Artificial intelligence, if created and implemented responsibly, can help increase diverse, equitable, and inclusive recruitment and retention, DEI specialist Shayne Halls said during a University of Phoenix webinar Thursday.
Halls, president and CEO of Manifested Dreams, a company that connects organizations to AI services, spoke about the various ways AI can improve tasks and projects previously assigned to humans, removing human biases and time-intensive processes along the way.
“AI is not new. AI has been around for a very long time,” Halls said. “From Siri to self-driving cars, AI long became and is continuing to be an integral part of our daily lives. From the recommendation algorithms that curate our music playlists to chatbots that assist with customer service inquiries, these are all AI."
The event took place as part of University of Phoenix's Educational Equity Webinar Series.
It is human nature to have likes and dislikes, which lead to conscious or unconscious biases that may reflect in people’s decision-making when engaging in hiring processes. Even the most seemingly harmless conversations with coworkers – such as about vacation spots, sports teams, and shared experiences – can create kinship, and subsequently form biases, Halls said.
“Even if you have the best of efforts, the best of intentions, that doesn't stop you from being pulled into those conversations,” Halls said. “We've all been in the office when someone just comes by your desk and one conversation leads to another topic.”
AI offers a way to remove unconscious bias from the equation and create a more equitable hiring process. Systems can be programmed to ignore factors such as demographic information and assess applicant resumes more objectively, Hall claimed. And as chatbots, such systems can reduce the influence of external characteristics – appearance, accent, mannerisms – during job interviews.
AI can also help retain employees, Halls said. Instead of lengthy, multi-party, year-long waits to process employee engagement surveys and complaints, AI systems can provide significantly shortened turnaround times and offer dissatisfied employees faster support, he said.
"We're talking about now employees having a real feeling of being heard,” Halls said. “No longer are we sitting there, twiddling our fingers, thinking, 'Hey, I rose this issue up in this survey almost a year ago and it's still happening now.' That's where these AI systems can help retain these employees. Because if you feel like your voice is heard, you feel like you are actually being listened to, then you're going to want to stay at that organization."
Higher education and education in general can benefit from artificial intelligence aid as well, such as with AI-assisted data analysis; translation assistance; automation of administrative tasks; or predictive systems for student success and attrition.
With AI, educational curriculums can adapt to better fit the individual and specific needs that a certain student may have for their learning.
“With adaptive learning platforms, AI-powered tools – like DreamBox – personalize learning experiences for students,” Halls said. “These systems address individual strengths and weaknesses, adapting the curriculum to match each student's pace and each student's needs.

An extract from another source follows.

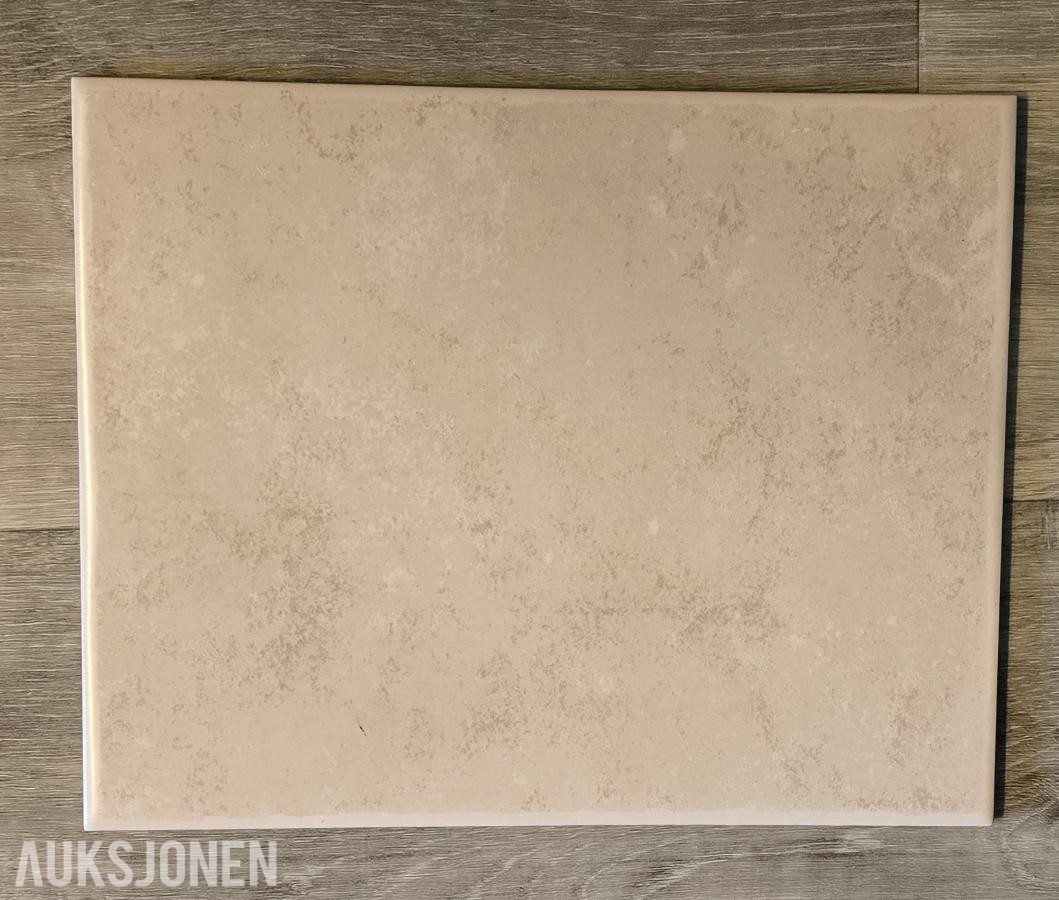 2026 Flis Hvit / Beige, ca 1000 m2 totalt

Everyone learns differently. ... Everyone does not retain information in the same manner. AI is here to address that.”
However, although artificial intelligence does offer administrators and educators ways to lighten their loads and bolster their work, it’s important to acknowledge how susceptible these systems can be if not developed properly, Halls said.
AI systems are only as good as their creators, who have biases of their own. The programs can only be as unbiased as the data they are trained on, and historical data can come with its own skews and inequities. Data from an organization with a history of bias will produce a biased system, Halls said.

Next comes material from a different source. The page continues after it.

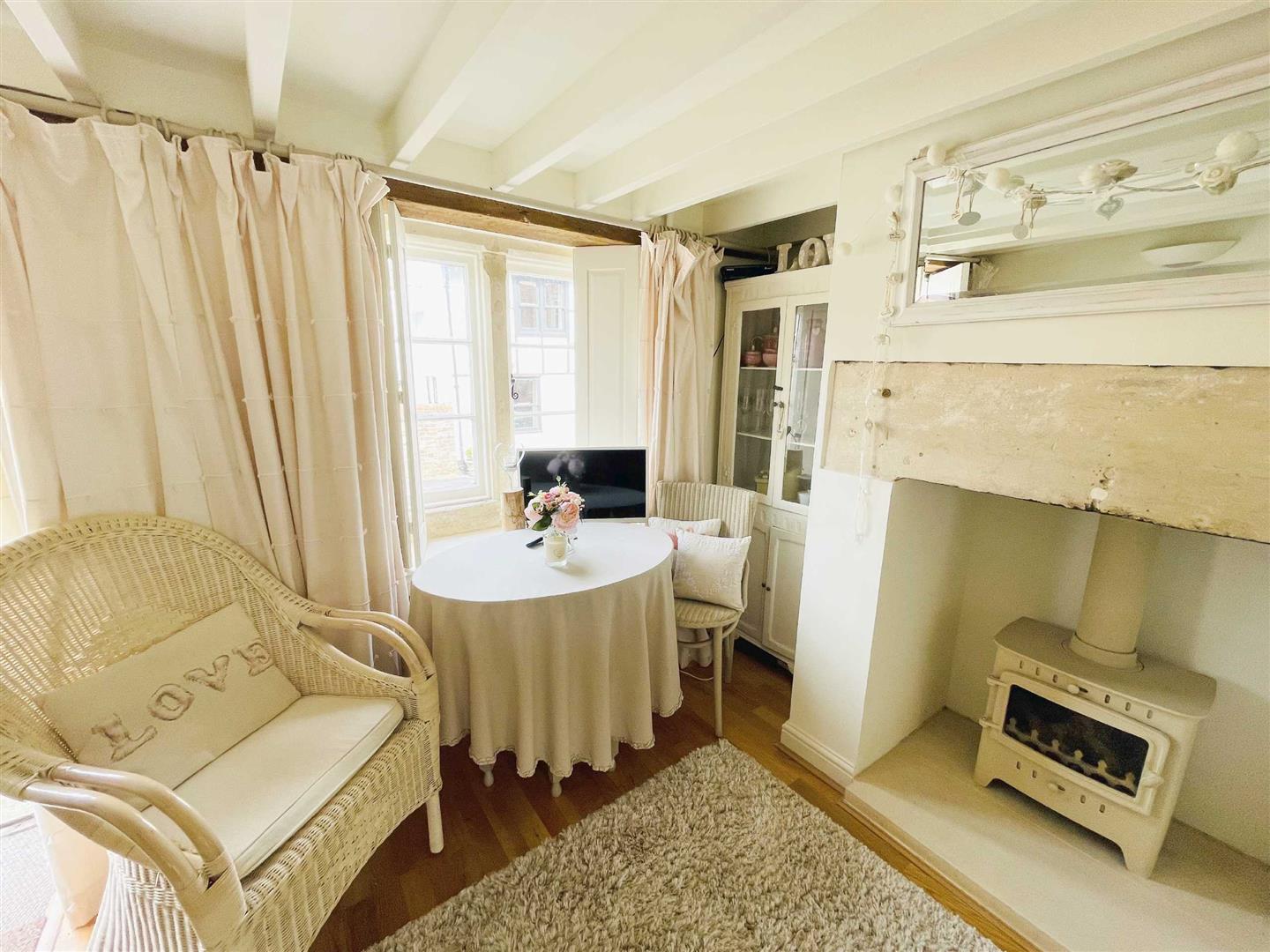 Church Walk, Melksham Lock and Key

Checks and balances are needed in order for AI to be properly and ethically implemented, he said, suggesting training, diverse development teams, and regular audits for employed AI systems. Without such accountability measures, AI can and will perpetuate existing biases, Halls warned.
“You need to have a diverse [human resources] team that has one singular duty: focus on inputs and outputs of AI systems, ensuring that those inputs and outputs of the AI system are clean, and without bias and prejudice,” Halls said. “These persons cannot have multiple duties. Their only focus can be what the AI system is being given and what the AI system is giving to the workplace, into the organization."
Halls pointed to services as such IBM's AI Fairness 360 toolkit, which claims to help detect and reduce discrimination and bias in AI models. He likened artificial intelligence to “a genius six-year-old child,” capable of anything but also capable of being influenced to do anything.
Separating bias from AI systems is not an easy task, said Dr. Lee Cooper, director of Northwestern University’s Institute for Artificial Intelligence in Medicine.
"It needs to be done very carefully, on a case-by-case basis. There is not a general solution or panacea for de-biasing things,” Cooper said. “It's an AI question but also requires expertise about the specific problem you're trying to solve. So, it requires AI scientists and people who are experts in whatever the domain is that you're working in."
When searching for useful AI systems, investigate not just the tool, but the people who developed it as well, Halls advised.
"Don't just go on the website and look at the tool," Halls said. "Really take a second to look at the team that developed those tools, and make sure that the team is a diverse team."